The local real estate industry is not a stranger to partnerships between company powerhouses. Combining the expertise of unique brands, real estate projects often capture international attention. But what exactly is the appeal of joint venture developments? More importantly, what qualifies them as investment-worthy? These are the questions tackled in Lamudi’s latest webinar.
How Joint Venture Projects Attract the Market
Since 1996, Hongkong Land has been operating in the Philippines and tying up with various local companies. Throughout the years, they have seen satisfied buyers and partners.
On the success of developments, Lee said, “I believe these buyers have trust in our brand, confident in the quality they can expect from our projects. The concepts of the projects we introduce are different from what people are used to seeing in the market.”
Bondoc noted the popularity of joint venture projects, saying that it has enjoyed a stable demand in recent years. Aside from the upscale amenities, he observed that Filipino buyers enjoy the fact that foreign developments are being offered locally.
He added that the architectural designs, as well as precise construction and engineering standards, are factors that prompt local investors to acquire properties from joint venture projects.
What Makes Joint Developments Lucrative
The strategic location is one of the factors that make joint developments lucrative, according to Bondoc. The projects are mostly in major business districts in Metro Manila.
Lee agrees with Bondoc and adds that the collaboration of local and foreign real estate companies makes joint ventures investment-worthy. “The local knowledge of local companies combined with the foreign companies’ experience results in a different approach in developing the project, which will benefit all stakeholders.”
Why Luxury Projects Are Resilient
The Velaris Residences is one of the most recent joint venture projects of Hongkong Land in the country. A 45-story luxury condominium, the development is in partnership with real estate giant Robinsons Land Corporation. According to Lee, they adopted the intentional design philosophy in the project to promote the best experience for future residents.
Noting the resilience of the luxury real estate segment amid the pandemic, he said that the stable market demand stems from the need for spacious and low-density living, decent facilities, well-managed property, and strategic location. These elements are present in The Velaris Residences.
Bondoc emphasized the strategic location of luxury and upscale developments. “The rental prospect is there. The potential for capital appreciation or price increase is also there. They are near the infrastructure projects implemented by the government. They are within bustling business districts where you still have major outsourcing companies occupying office spaces,” he said.
Historically, luxury and upscale condominium developments have been flexing stable market demand during times of economic downturn, Bondoc added. He projects that this market segment will continue to become a major driver of residential appetite in the capital region. For this reason, it’s worth including joint venture projects in investment portfolios.
Why Invest in Joint Venture Projects
Despite the economic downturn brought about by the pandemic, Bondoc said that the growth prospects in the country remain promising. He believes that the local economy will grow at a much faster pace moving forward from the pandemic. The infrastructure program of the national government will contribute to this growth and recovery. With this, the Philippines will remain a viable property investment destination beyond 2021.
“We believe there will be pent-up demand in the market. That’s why the Philippines will continue to be attractive in the region,” Bondoc added.
Lee shares the same positive sentiment, emphasizing that the local economy is resilient, as it weathered the Asian financial crisis and subprime financial crisis. The highly literate population also creates a strong, robust market.

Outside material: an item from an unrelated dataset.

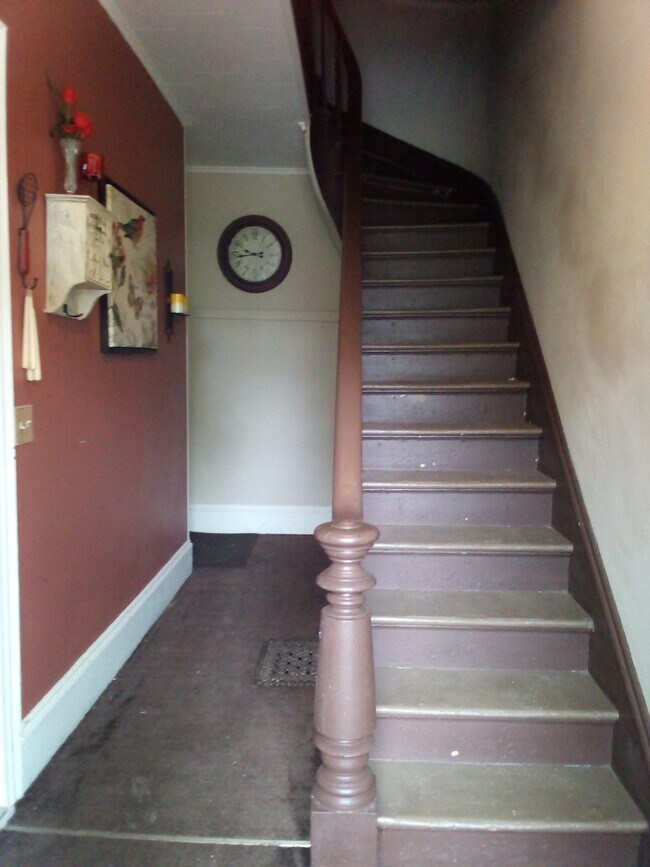 Building Photo - 505 Marcellus St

“With the economy growing again hopefully to pre-pandemic levels, we will see property values continue to appreciate again. Emerging business hubs, such as those along growth corridors, stand to benefit the most,” he said.
He added, “Property prices in the new growth areas, such as in Pasig and Quezon City, have not yet skyrocketed, thereby offering good upside potential for investors.”

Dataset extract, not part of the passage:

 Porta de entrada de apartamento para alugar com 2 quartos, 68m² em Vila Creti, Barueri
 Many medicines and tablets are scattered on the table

What to Prioritize in Investment Properties
Both Lee and Bondoc shared what to consider when investing in joint venture projects. These are their recommendations:
- Strategic location. The proximity of a residence to transportation hubs, commercial establishments, and essential services, such as hospitals and schools, makes for high-value properties, according to Lee. Properties along growth corridors will see better rental income and capital appreciation, he added. Bondoc agreed, saying that a good location is one that is not just within business districts, but also near infrastructure projects.
- Work-from-home functionality. Lee added that investors see their condos not only as homes, but also as a place for work. Therefore, proper layout, ample space, and good ventilation and lighting are likewise important features. Similarly, a steady, reliable internet connection, according to Bondoc, is essential.
- Leasing prospects. Bondoc urges investors to evaluate if the condo can be a passive income source once the project finishes construction.
- Attractive payment terms. Even though the luxury market, the property segment most interested in joint venture projects, is shielded from the economic impact of the pandemic, attractive payment terms are still a big consideration to sustain holding power
Joint venture projects are popular for a reason. They deliver the quality investors look for, and more importantly, weather the economic crisis at hand. Include these projects in your investment portfolio.